Rok 2024 zapisał się w belgijskiej energetyce jako jeden z najbardziej wymagających. Produkcja energii elektrycznej spadła do najniższego poziomu od sześciu lat, głównie z powodu wyjątkowo słabych wiatrów, które znacznie ograniczyły potencjał energetyki wiatrowej – kluczowego źródła odnawialnych zasobów w kraju. Paradoksalnie, mimo tego deficytu, Belgia nie tylko importowała energię, ale także eksportowała ją do sąsiadów. Jak wyjaśnić ten pozorny paradoks?
Produkcja spada, handel kwitnie
Według danych firmy Elia, odpowiedzialnej za zarządzanie belgijską siecią elektroenergetyczną, w 2024 roku kraj wyprodukował 71 TWh energii elektrycznej, co stanowiło najniższy wynik od lat. Jednocześnie wymieniono 44 TWh energii z sąsiadującymi państwami, w tym Francją, Holandią, Niemcami i Wielką Brytanią.

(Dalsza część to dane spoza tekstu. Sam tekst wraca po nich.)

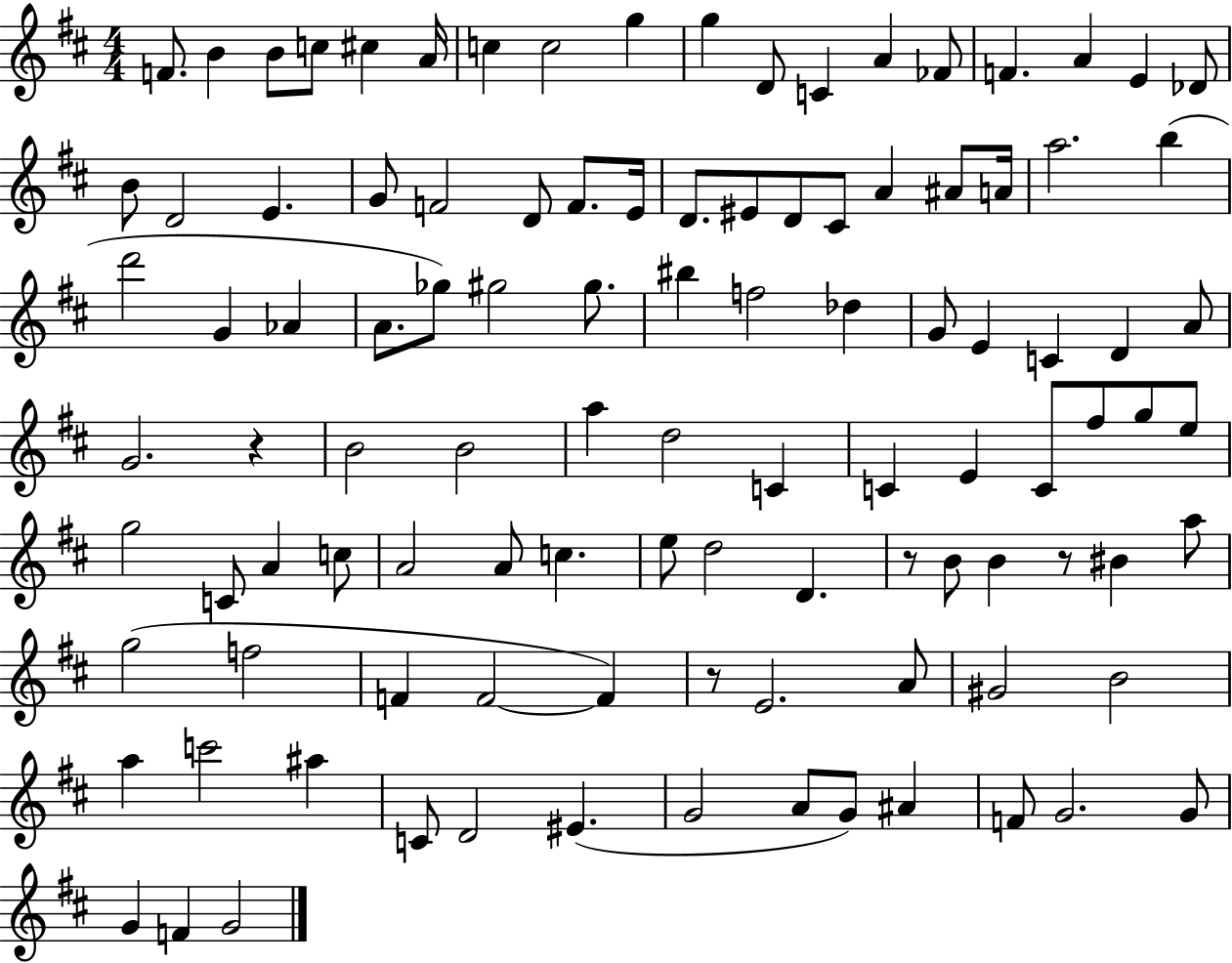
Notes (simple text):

F4/e. B4/q B4/e C5/e C#5/q A4/s C5/q C5/h G5/q G5/q D4/e C4/q A4/q FES4/e F4/q. A4/q E4/q Db4/e B4/e D4/h E4/q. G4/e F4/h D4/e F4/e. E4/s D4/e. EIS4/e D4/e C#4/e A4/q A#4/e A4/s A5/h. B5/q D6/h G4/q Ab4/q A4/e. Gb5/e G#5/h G#5/e. BIS5/q F5/h Db5/q G4/e E4/q C4/q D4/q A4/e G4/h. R/q B4/h B4/h A5/q D5/h C4/q C4/q E4/q C4/e F#5/e G5/e E5/e G5/h C4/e A4/q C5/e A4/h A4/e C5/q. E5/e D5/h D4/q. R/e B4/e B4/q R/e BIS4/q A5/e G5/h F5/h F4/q F4/h F4/q R/e E4/h. A4/e G#4/h B4/h A5/q C6/h A#5/q C4/e D4/h EIS4/q. G4/h A4/e G4/e A#4/q F4/e G4/h. G4/e G4/q F4/q G4/h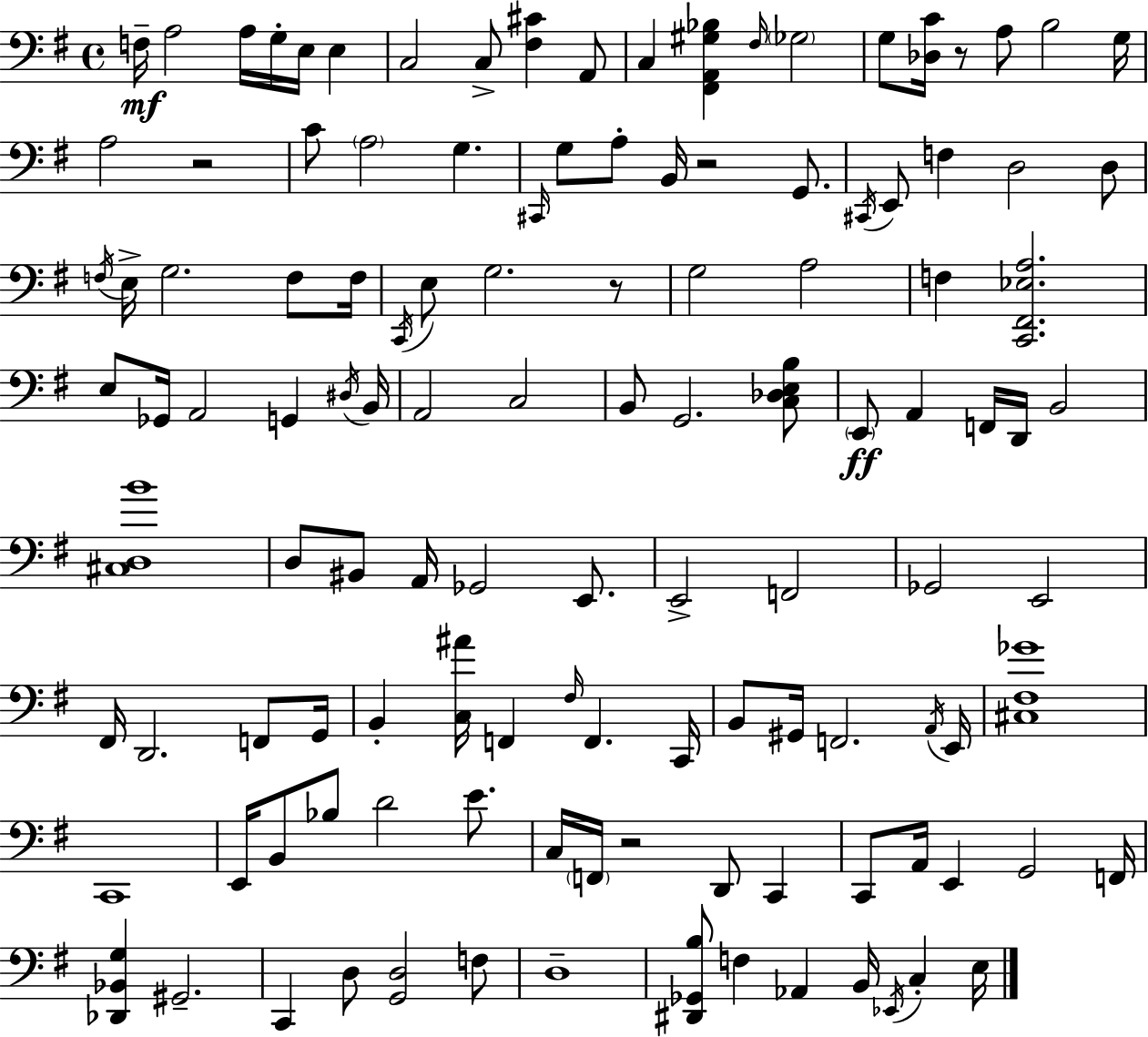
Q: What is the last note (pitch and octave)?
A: E3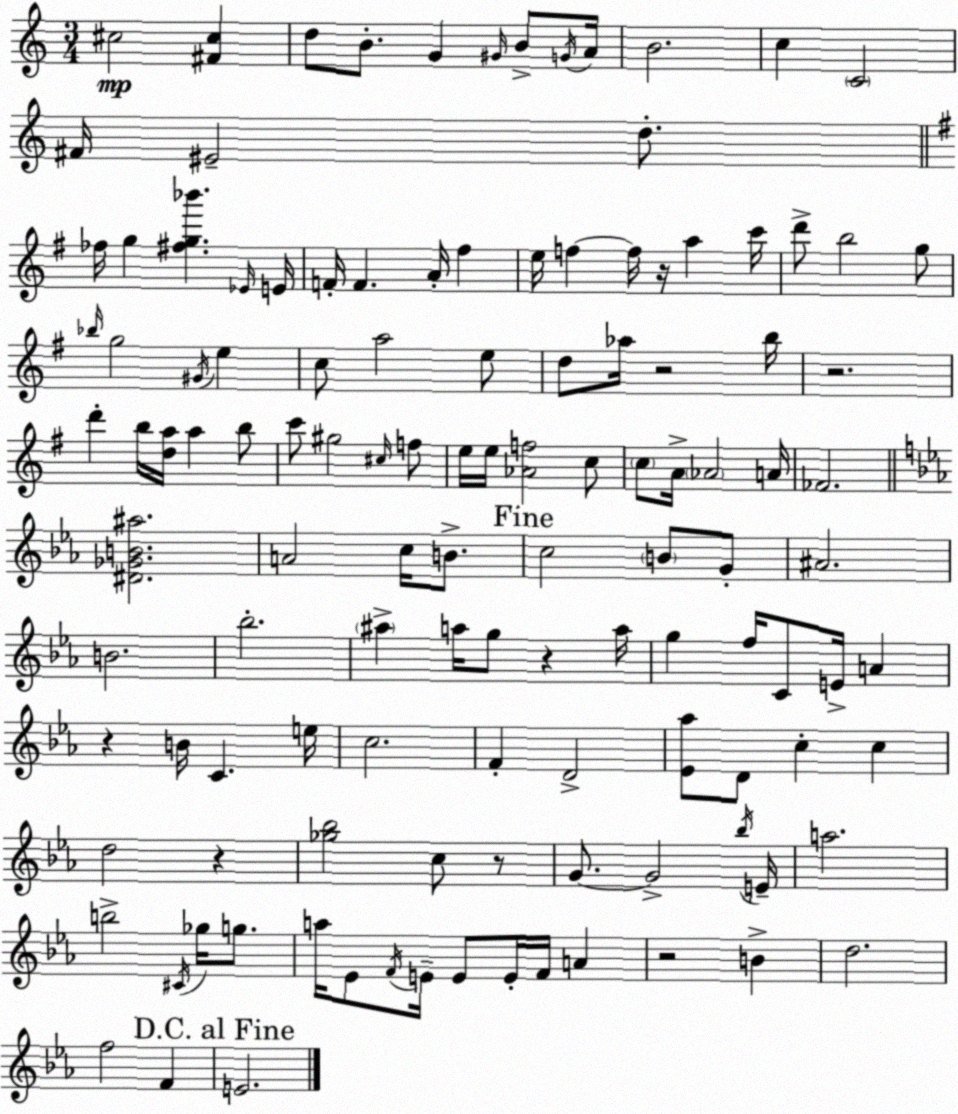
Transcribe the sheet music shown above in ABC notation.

X:1
T:Untitled
M:3/4
L:1/4
K:C
^c2 [^F^c] d/2 B/2 G ^G/4 B/2 G/4 A/4 B2 c C2 ^F/4 ^E2 d/2 _f/4 g [^fg_b'] _E/4 E/4 F/4 F A/4 ^f e/4 f f/4 z/4 a c'/4 d'/2 b2 g/2 _b/4 g2 ^G/4 e c/2 a2 e/2 d/2 _a/4 z2 b/4 z2 d' b/4 [da]/4 a b/2 c'/2 ^g2 ^c/4 f/2 e/4 e/4 [_Af]2 c/2 c/2 A/4 _A2 A/4 _F2 [^D_GB^a]2 A2 c/4 B/2 c2 B/2 G/2 ^A2 B2 _b2 ^a a/4 g/2 z a/4 g f/4 C/2 E/4 A z B/4 C e/4 c2 F D2 [_E_a]/2 D/2 c c d2 z [_g_b]2 c/2 z/2 G/2 G2 _b/4 E/4 a2 b2 ^C/4 _g/4 g/2 a/4 _E/2 F/4 E/4 E/2 E/4 F/4 A z2 B d2 f2 F E2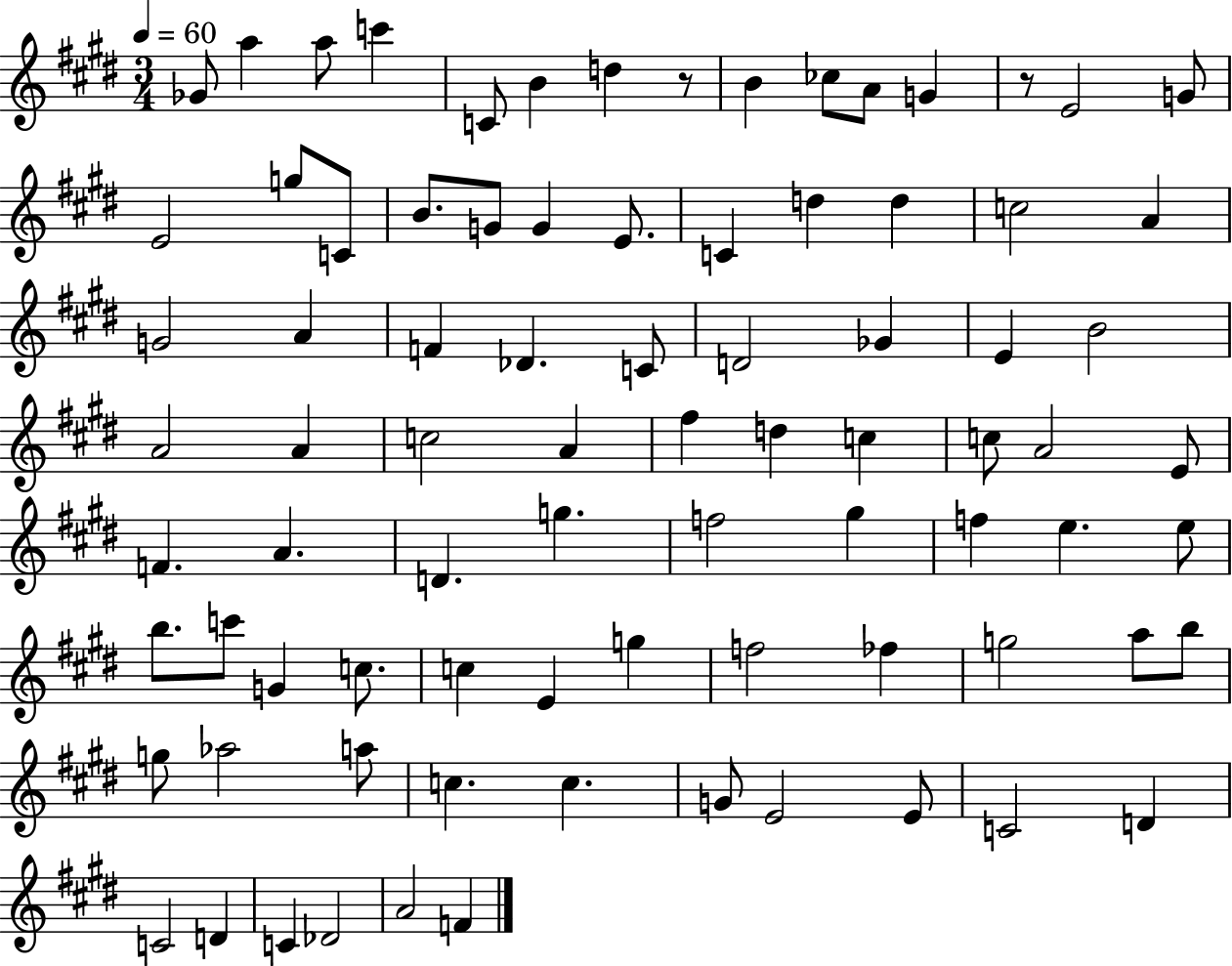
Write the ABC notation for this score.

X:1
T:Untitled
M:3/4
L:1/4
K:E
_G/2 a a/2 c' C/2 B d z/2 B _c/2 A/2 G z/2 E2 G/2 E2 g/2 C/2 B/2 G/2 G E/2 C d d c2 A G2 A F _D C/2 D2 _G E B2 A2 A c2 A ^f d c c/2 A2 E/2 F A D g f2 ^g f e e/2 b/2 c'/2 G c/2 c E g f2 _f g2 a/2 b/2 g/2 _a2 a/2 c c G/2 E2 E/2 C2 D C2 D C _D2 A2 F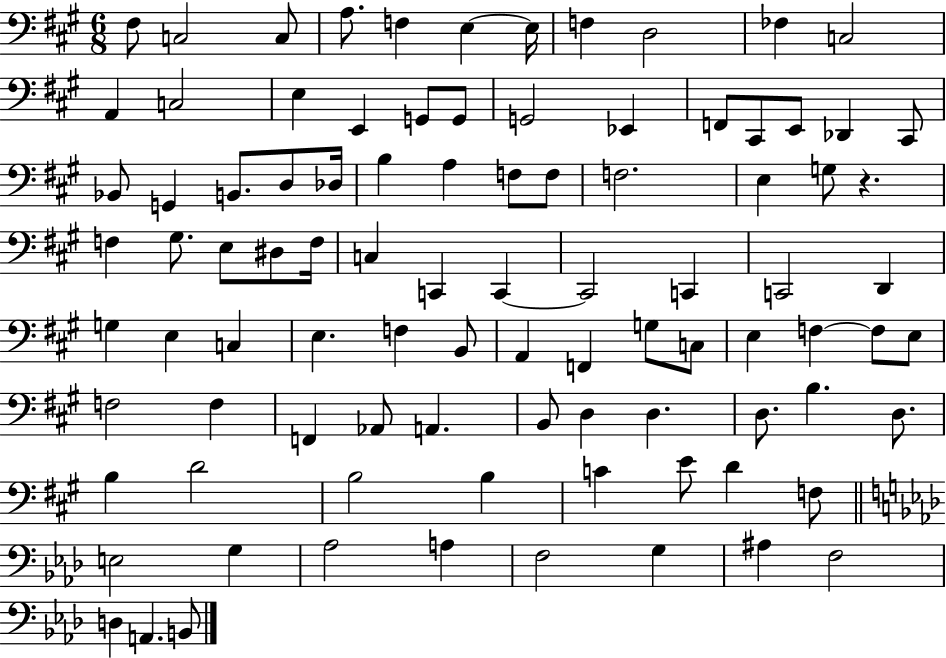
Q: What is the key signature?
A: A major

Belgijski eksport energii trafił głównie do Niemiec i Wielkiej Brytanii, podczas gdy import, szczególnie z Francji, był podyktowany względami ekonomicznymi. – Ceny energii w Francji były bardziej konkurencyjne niż w Belgii, co skłoniło rynek do większego importu – wyjaśnia rzecznik Elia. Gdy produkcja energii lokalnie staje się droższa niż zakup od sąsiadów, rynkowa logika kieruje decyzje na bardziej opłacalne źródła.
Dlaczego Belgia importowała więcej niż zwykle?
Belgia tradycyjnie opiera swoją energetykę na trzech filarach: elektrowniach jądrowych, odnawialnych źródłach energii (głównie wiatrowej i słonecznej) oraz elektrowniach gazowych. W 2024 roku wyjątkowo niski poziom produkcji energii wiatrowej stworzył deficyt, który wypełnił tańszy import z Francji i Holandii. Dodatkowo, wysokie koszty operacyjne belgijskich elektrowni gazowych sprawiły, że były one w dużej mierze nieużywane, ustępując miejsca importowanej energii.
Struktura produkcji energii w Belgii w 2024 roku
W mijającym roku dominującym źródłem energii pozostawały elektrownie jądrowe, które dostarczyły największą część mocy. Energia wiatrowa, choć ważna, zmagała się z niesprzyjającą pogodą, natomiast fotowoltaika osiągnęła rekordowe wyniki produkcji.
Jednak wyzwania związane z transformacją energetyczną są tuż za rogiem. Do końca 2025 roku Belgia planuje zamknięcie trzech z pięciu działających reaktorów jądrowych, co budzi obawy o stabilność krajowego systemu energetycznego.
Inwestycje w przyszłość: odnawialne źródła energii
Przyszłość belgijskiej energetyki wymaga zdecydowanych działań w kierunku przyspieszenia rozwoju odnawialnych źródeł energii. Energia wiatrowa i słoneczna mają ogromny potencjał, ale ich rozwój musi zostać przyspieszony, aby ograniczyć zależność od importu.
Brak inwestycji w infrastrukturę odnawialnych źródeł energii może skutkować wzrostem cen energii elektrycznej, co z kolei wpłynie na gospodarstwa domowe i konkurencyjność przedsiębiorstw. Znalezienie równowagi między lokalną produkcją a importem stanie się kluczowym wyzwaniem w belgijskiej transformacji energetycznej.
Perspektywy na przyszłość
Rok 2024 pokazuje, jak bardzo zależna jest belgijska energetyka od warunków pogodowych i międzynarodowego rynku energii. W obliczu zbliżających się zmian – takich jak wygaszanie reaktorów jądrowych i rosnące zapotrzebowanie na energię – Belgia musi podejmować szybkie i odważne decyzje.
Czy kraj zdoła zwiększyć udział energii odnawialnej i zmniejszyć zależność od importu, zapewniając jednocześnie stabilność dostaw i konkurencyjne ceny? To pytanie, które w najbliższych latach będzie decydować o kierunku belgijskiej transformacji energetycznej.